Author: Granma | internet@granma.cu
September 16, 2021 1:09:34 PM

Translated and edited by Walter Lippmann for CubaNews.

Díaz-Canel recalled that “Mexico was the first country to recognize our armed struggle and to open its ports to ships flying the Lone Star flag”. Photo: Estudios Revolución

(Shorthand Versions – Office of the President of the Republic)

Dear Andrés Manuel López Obrador, President of the United Mexican States;

Distinguished guests;

Dear Mexico:

Thank you for the opportunity you give us to bring Cuba’s grateful embrace to your beautiful patriotic celebrations for that Grito de Dolores that aroused so much libertarian eagerness in our region more than 200 years ago.

Among all the brothers that Our America has given us, Mexico counts, for many reasons, as one of the most dear to Cuba.

That affection that unites our lands begins with the dazzle caused by its deep and diverse traces in the literature and history of America:

“How beautiful is the land inhabited by the brave Aztecs!” said the Cuban José María Heredia in the Teocalli of Cholula, opening a fascinating door to that Mundo Nuestro, much earlier than that of the terrible conquest that began centuries later, with unrestrained slaughter and destruction, the Spanish troops coming from Santiago de Cuba, under the command of Hernán Cortés.

But no one would tell us more about Mexico than José Martí. I quote excerpts from his memorable speech delivered at the evening in honor of this country at the Hispanic American Literary Society in 1891: “(…) today we gather to pay honor to the nation girded with palm trees and orange blossoms that raises, like a flourish of glory, to the blue sky, the free summits where the whistle of the railroad awakens, crowned with roses as yesterday, with the health of work on the cheek, the indomitable soul that sparkled in the embers in the ashes of Cuauhtémoc, never extinguished. We salute a people that melts, in the crucible of its own metal, the civilizations that were cast upon it to destroy it!”.

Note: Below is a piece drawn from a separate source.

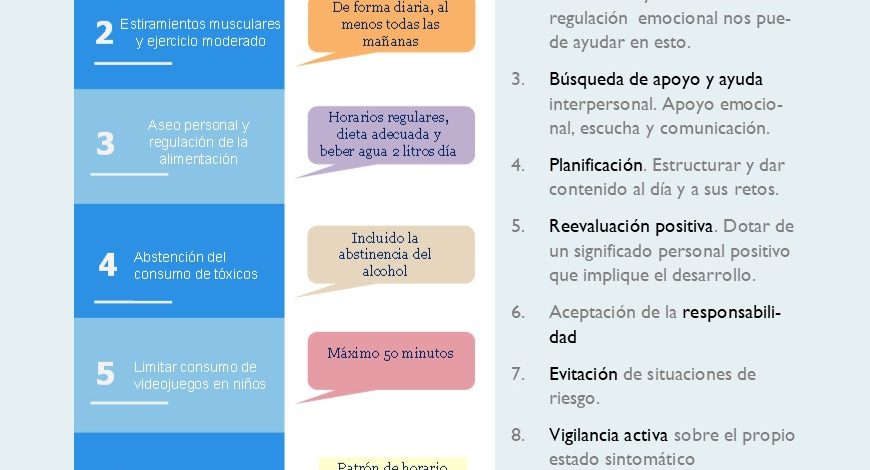 Apoyo psicológico contra el coronavirus - Bravo de Medina y Zabala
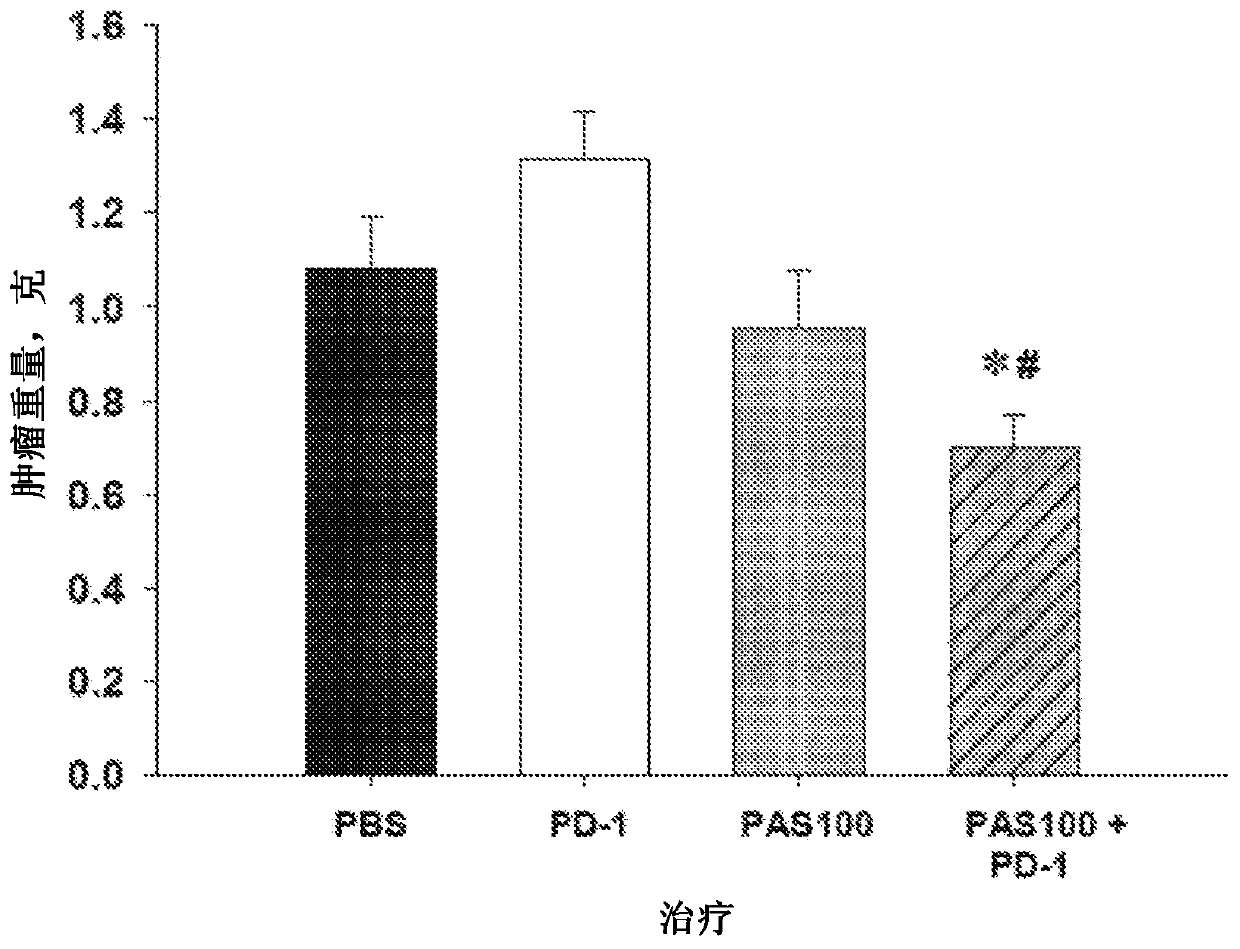 Compositions and methods for inducing humoral and cellular immunities against tumors and cancer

Later, referring to the significant date we commemorate today, Martí said: “Three hundred years later, a priest (…) summoned his village to war against the parents who denied the life of soul to their own children; it was the hour of the Sun, when the adobe huts of the poor Indians were shining through the mulberry trees; and never, although veiled a hundred times by blood, has the sun of Hidalgo stopped shining since then! They hung the heads of the heroes in iron cages; the heroes bit the dust, with a bullet in the heart; but on September 16 of every year, at dawn, the President of the Republic of Mexico cheers, before the people, the free homeland, waving the flag of Dolores”.

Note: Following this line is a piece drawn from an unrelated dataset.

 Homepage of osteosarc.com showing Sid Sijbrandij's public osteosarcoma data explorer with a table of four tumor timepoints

Due to its characteristics, the Mexican independence process, which began with the Grito de Dolores, led by Father Miguel Hidalgo on a day like today in 1810 and was consummated 11 years later with the entrance of the Trigarante Army in Mexico City. It had a notorious component of social and indigenous demands that differentiated it from other processes that typified the independence era. Its impact was, without a doubt, extraordinary in the libertarian and anti-colonialist struggle in our region and particularly in Cuba.

It gathered ancestral aspirations of entire peoples that inhabited the territory, not only in Mexico, but also in Central and South America and the Antilles. It vindicated all poor Creole sectors -white, black and mulatto- submerged in misery, hunger and exploitation, and opposed the slavery of the blacks.

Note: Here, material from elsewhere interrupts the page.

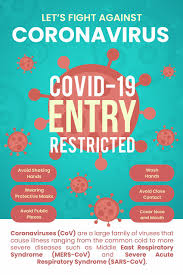 Pin On Corona Virus Covid 19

The broad popular presence had a decisive influence in its radicalization and in the realization of important social and political demands, which constituted an immense inspiration and encouragement for our independence movement.

There are many notable Cubans who left their blood and their names in the history of Mexico. The Cuban solidarity in Mexico’s confrontation with the Texan invasions in 1835-1836 and the North American invasion of 1846-48 stands out, especially the generals Pedro Ampudia, Juan Valentín Amador, Jerónimo Cardona, Manuel Fernández Castrillón, Antonio Gaona, Pedro Lemus and Anastasio Parrodi.

In March 1854, Cubans Florencio Villareal and José María Pérez Hernández launched the historic Plan de Ayutla, which was decisive in the rupture of the Mexican army and society with the dictatorial government of General Santa Anna.

As confirmed by the prestigious researcher René González Barrios, several of those men held key positions in Mexican political-military life and were governors or military commanders in important places in the country.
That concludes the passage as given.